HAA500¶
- Modality: RGB video (web-sourced clips)
- Primary Tasks: Atomic action recognition, fine-grained action classification
- Scale: 10,000+ video clips, 500 atomic action classes
- License: Research use only
- Access: https://www.cse.ust.hk/haa/
Summary¶
HAA500 (Human Atomic Actions 500) is a video dataset containing 500 classes of atomic human actions with approximately 10,000 manually curated clips. Unlike datasets with composite or complex activities, HAA500 focuses on atomic actions — fundamental units of human movement that cannot be further decomposed (e.g., "raise left hand", "kick with right foot", "turn head left"). The fine-grained, atomic nature of the action vocabulary makes HAA500 particularly useful for studying action compositionality, few-shot action recognition, and building hierarchical action understanding systems.

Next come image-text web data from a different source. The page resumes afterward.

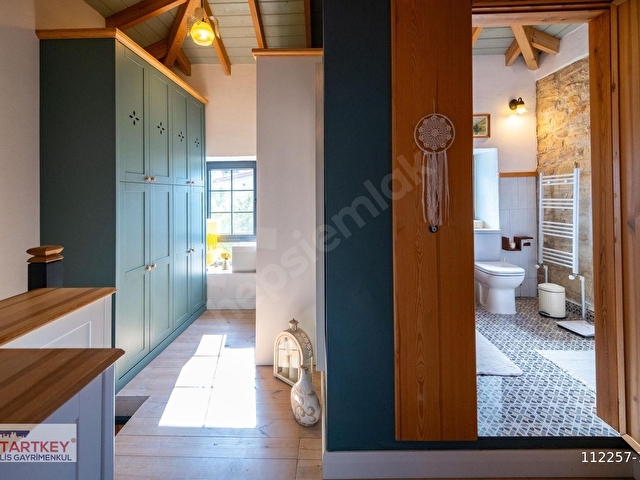 Eğlenhocada Deniz Manzaralı, Müstakil Konsept Taş Yaşam Evi - Görsel 15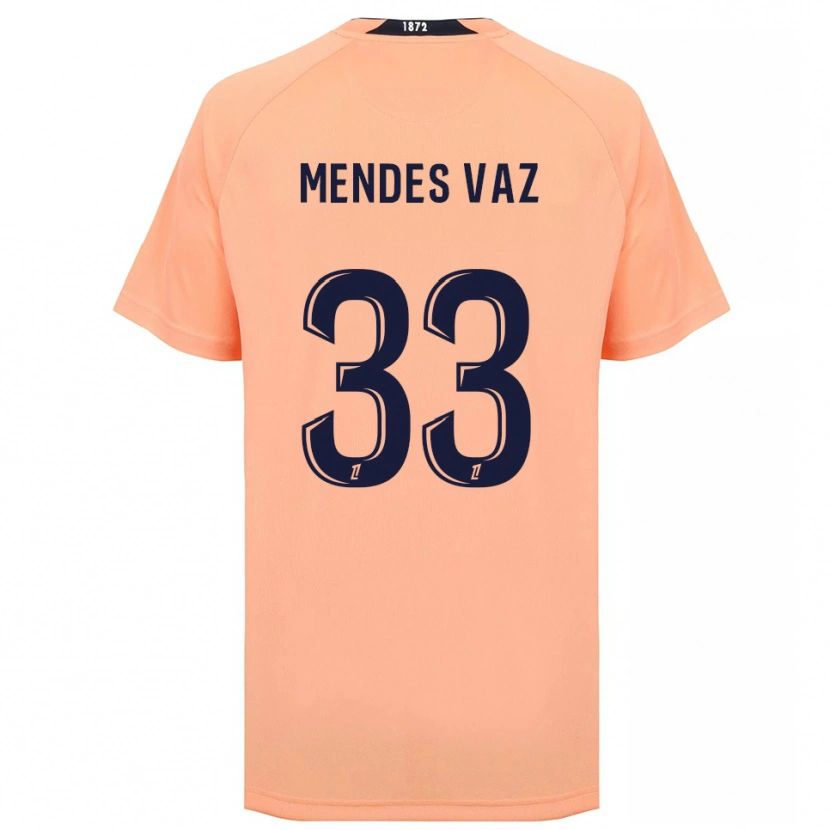 Danxen Børn Hernâni Mendes Vaz #33 Orange Marineblå Udebane Spillertrøjer 2025/26 Trøje T-Shirt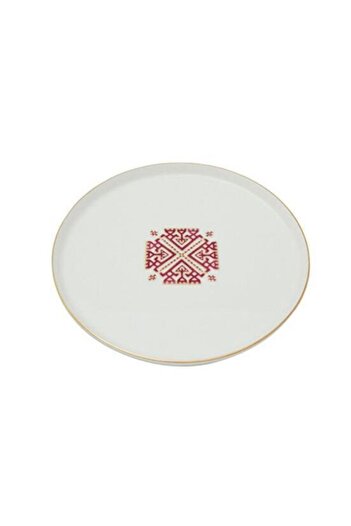 Porland Arabesque Pattern6 Flat Plate 21 Cm 04alm005999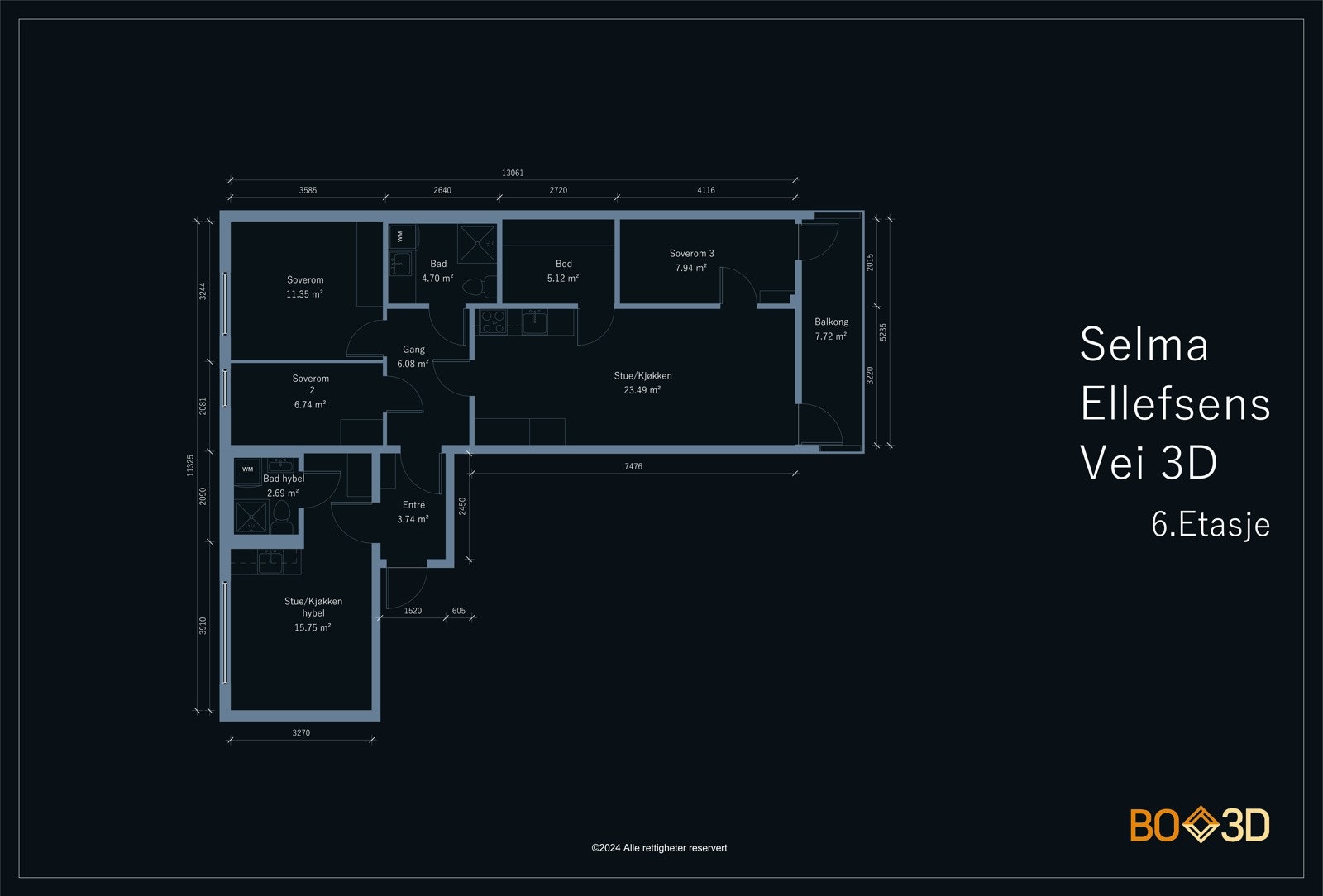 Plantegning Galleribilde
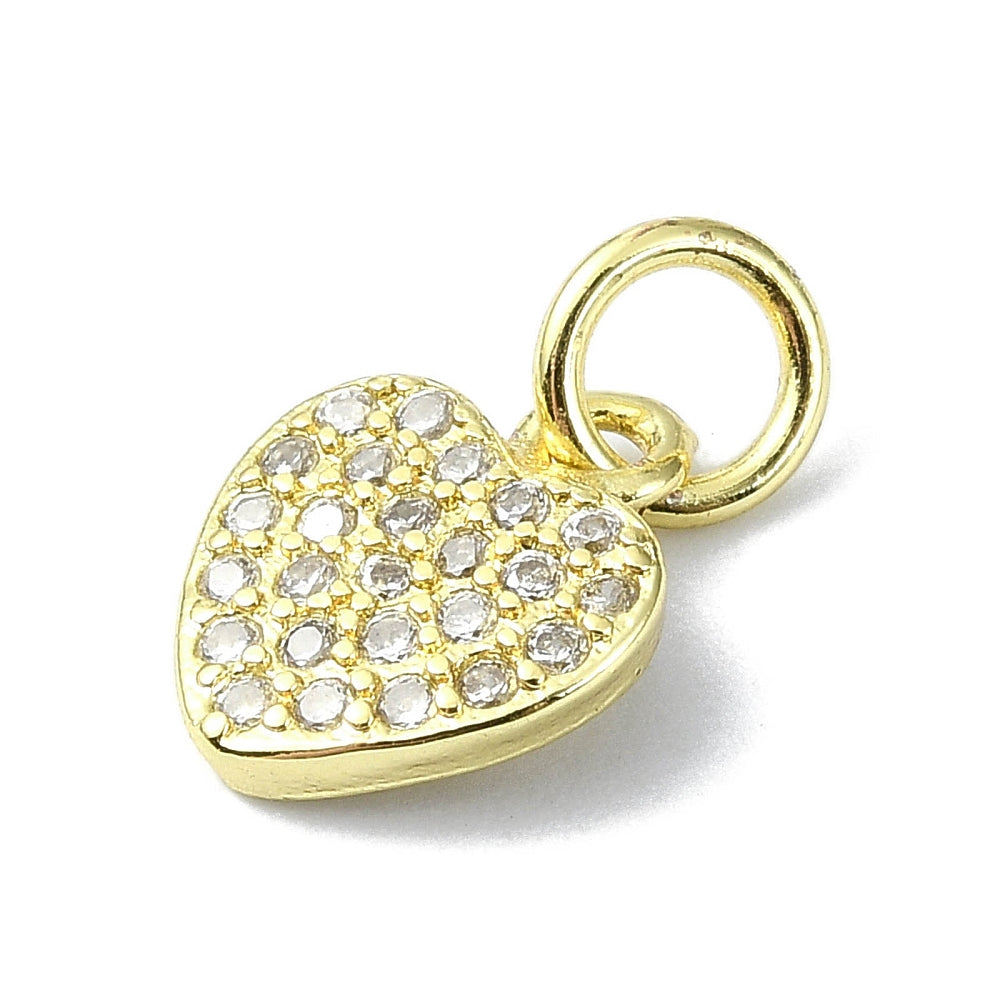 Bedazzled Heart Charm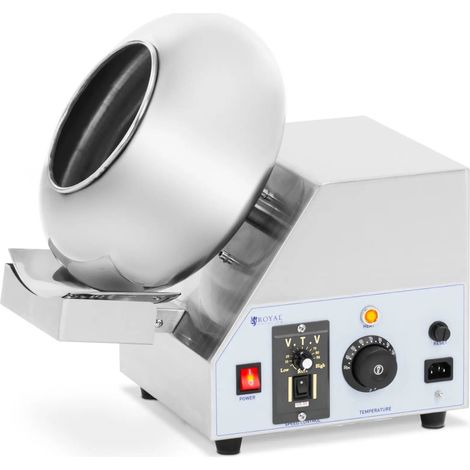 Máquina de recubrimiento para frutos secos y almendras de hasta 2 kg, 600 W (1/3)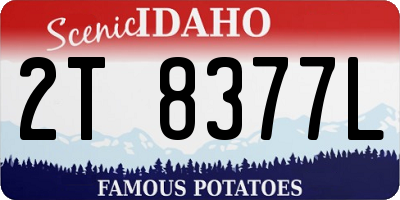 ID license plate 2T8377L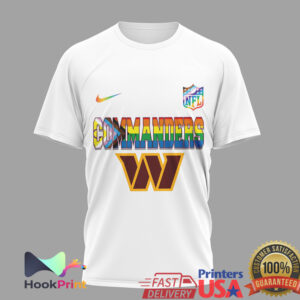 Washington Commanders NFL More Pride Less Prejudice Snoopy Rainbow 2026 T Shirt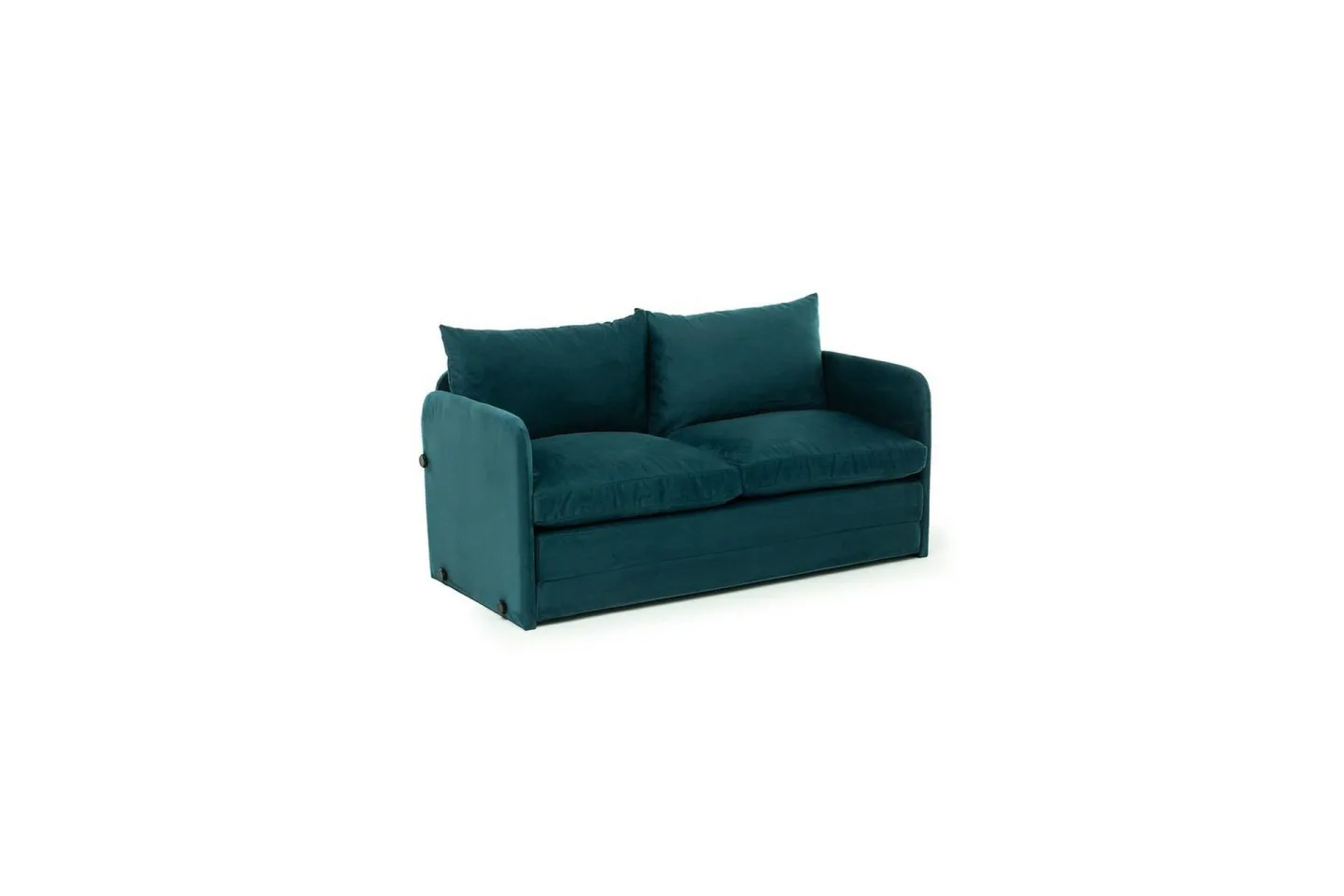 2-sits bäddsoffa Rubby (128 x 70 x 66 cm) Petrolgrön - Petrolgrön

Each class contains roughly 20 clips, emphasizing diversity over quantity.
Reference Paper¶
- Jihoon Chung, Cheng-hsin Wuu, Hsuan-ru Yang, Yu-Wing Tai, Chi-Keung Tang. "HAA500: Human-Centric Atomic Action Dataset with Curated Videos." ICCV, 2021.
PDF
Benchmarks & Baselines¶
- TSM - Top-1: ~48% — Chung et al., ICCV 2021.
- SlowFast R50 - Top-1: ~52% — Chung et al., ICCV 2021.
- Few-shot (5-way 5-shot): ~65% — reported with ProtoNet baseline.
- Standard evaluation uses the official train/val/test splits; top-1 and top-5 accuracy are reported.
Tooling & Ecosystem¶
- Official project page provides video URLs, annotations, and download scripts.
- HAA500 GitHub contains data preparation and baseline code.
- Compatible with standard video classification frameworks (MMAction2, PySlowFast, TimeSformer).
Known Challenges¶
- 500 classes with only ~20 clips each creates a challenging low-data regime per class.
- Atomic action classes can be visually very similar (e.g., "raise left hand" vs "raise right hand"), requiring fine-grained spatial reasoning.
- Web-sourced videos vary in quality, resolution, and background.
- Class taxonomy is manually defined; some atomic actions may be debatable in their "atomic" status.
- Small number of clips per class makes the dataset more suited for few-shot or transfer learning than standard large-scale training.